AI-driven data centre expansion, cloud services growth, and data sovereignty concerns are all shaping the wave services market landscape. The stage is now set for a much denser and modernised global connectivity fabric in years to come.

AI is fuelling the demand for data centre connectivity

According to a recent study, data centre experts predicted that 43% of new data centre facilities will be dedicated to AI workloads by 2030. Given the need for more power to feed the power-intensive AI compute capacity, the location of these new data centres is transforming from where they would traditionally be sited, to areas with more power availability. 

For AI training, which is often the more power-intensive task, data centres are increasingly being constructed in remote areas, closer to power sources. This proximity enables tighter integration with the power grid, eases the burden on urban infrastructure, and reduces the need to transmit electricity over long distances. 

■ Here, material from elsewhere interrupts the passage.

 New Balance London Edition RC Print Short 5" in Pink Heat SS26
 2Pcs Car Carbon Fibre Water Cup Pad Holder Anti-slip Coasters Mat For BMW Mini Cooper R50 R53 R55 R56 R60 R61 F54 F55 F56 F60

In contrast, inference compute is being built closer to the end user, whether in regional or even edge data centres. The location of inference ultimately depends on the specific requirements of each use case – and there are plenty of new ones emerging every week, pushing for more distributed compute sites requiring low-latency, high-capacity connectivity.

This decentralisation, and expansion of an interconnected, global AI fabric, demands increasingly high-performance connectivity. A new generation of wave services is driving this shift by facilitating data centre interconnect (DCI), providing access to AI clouds through ultra-scalable cloud on-ramp connections. 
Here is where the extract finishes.